Fine tuning a Hugging Face model

Source

I've decided to write this post to make it easier to understand (and for future reference) on how to train a Hugging Face pre-trained transformer model with my own data.

The inspiration for this surfaced from the fact that I could not use the Simple Transformers package in my work environment.

Before starting

The instructions here are for the question answering pipeline. Most of the instructions posted here are the same or very similar to use with different pipelines. The source of data is probably the aspect that will have more differences. Check the official documentation here for more instructions.

Organize your data

This is a key step. In order to be successful in training a model with your own data, it has to be structured in the appropriate format.

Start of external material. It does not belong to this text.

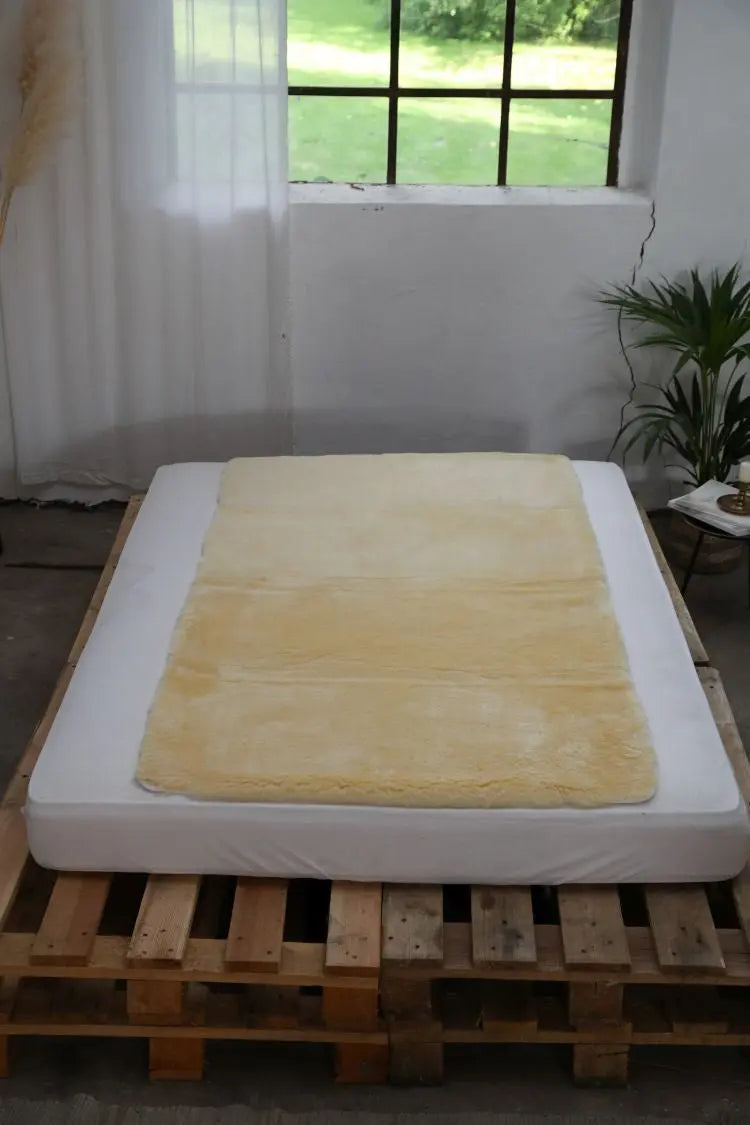 Lammfelldecke 80 x 160 cm  Bettauflage Lammfellunterbett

The format is basically a list of Python dictionaries. You can store that how you think it's best, I'm doing it with a JSON file.

The structure is:

list of dictionaries 1 with "context" : "<context string>" and "qas" : <list of dictionaries 2>.
list of dictionaries 2 with "id" : <id as string>", "is_impossible" : <true|false>, "question" : "<question string>", "answers" : <list of dictionaries 3>.
list of dictionaries 3 with "text" : "<answer>", "answer_start" : 13.

Important observations:

the passage of text with the information that has the answer ("context").
id must be unique, one for each question.
is_impossible is a boolean value, self-explanatory (can't answer the question = true, can answer the question = false)
the answer to the question goes in "text", in the answers dictionary. It must be an exact copy of the excerpt from context.
the "answer_start" value is an integer corresponding to the position of the answer in the context string (how many characters counting from the beginning of the context string). This value MUST be accurate.

Here's a template:

[
    {
    "context" : "string with the relevant context",
    "qas" : [
        {
        "id" : "strID_1",
        "is_impossible" : false,
        "question" : "What is in this string?",
        "answers" : [
            {
            "text" : "relevant context",
            "answer_start" : 16
        }
        ]
    }
    ]
},
    {
    "context" : "string with another relevant context",
    "qas" : [
        {
        "id" : "strID_2",
        "is_impossible" : false,
        "question" : "What else there is to know?",
        "answers" : [
            {
            "text" : "another relevant context",
            "answer_start" : 12
        },
            {
            "id" : "strID_3",
            "is_impossible" : true,
            "question" : "What is not in the context?",
            "answers" : []
        }
        ]
    }
    ]
}
]

Note that I'm using multiple lines in the template above because it makes it easier to read. Usually you'll see everything in a single line.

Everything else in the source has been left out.